In terms of the diabetes risk, statin therapy significantly increased the
risk 28% compared with placebo among individuals with risk factors for
diabetes at baseline (hazard ratio 1.28; 95% CI 1.07-1.54). In contrast,
there was no increased risk of diabetes among those without baseline risk
factors.
"What we found was clinically important," said Ridker. "Among those with one
or more major risk factors for diabetes, there were 134 fewer heart attacks,
strokes, and other major cardiovascular events in those who got the statin,
but this came with the hazard of 54 new cases of diabetes being diagnosed.
This group is already at high risk for getting diabetes, a group already
considered candidates for statin therapy."
For Ridker, the bottom line is a fairly simple, straightforward clinical
message: "Even in a lower-risk primary-prevention population, the
cardiovascular benefits of statin therapy outweigh the diabetes hazard, even
among those with highest risks for diabetes."

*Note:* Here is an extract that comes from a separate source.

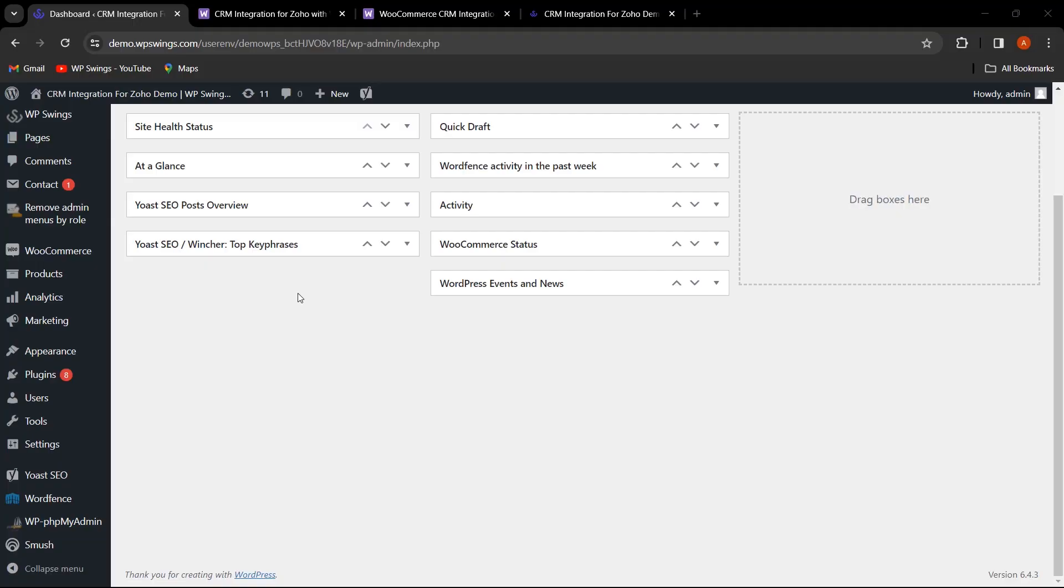We are on the WordPress dashboard. In today's tutorial, we'll be walking you through how to seamlessly integrate Zoho CRM with your WooCommerce store, ensuring all your vital data is synchronized instantly.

Ray said that one of the difficulties for physicians in practice is applying
the results of clinical trials to individual patients. In addition, use of
different drugs and different dosages alter the risk/benefit ratio. For
example, rosuvastatin 20 mg reduces LDL cholesterol by approximately 50%,
which translates into a larger reduction in cardiovascular events. Weaker
statins would not reduce LDL cholesterol to the same extent, but the risk of
diabetes would be unaltered, and this would change the risk/benefit
equation, say Ray.
"JUPITER is the largest primary-prevention [trial] ever done," and he added
that, "It has 40% women and has representation from diverse ethnic groups,
so it's truly a global study. It provides considerable reassurance about net
benefit. But many of the people whom we treat with statins won't go on to
have an event. The reason we use them is that, by and large, the treatments
are actually pretty safe and pretty good. But if we could further improve
risk prediction accuracy, then we could really tell patients that their
risks are very high and that they would benefit from the drugs. In somebody
else, if we could say to them, 'You're not at very high risk over the long
term,' and we could avoid unwanted treatment. This is the unmet need that
hasn't been addressed by this paper."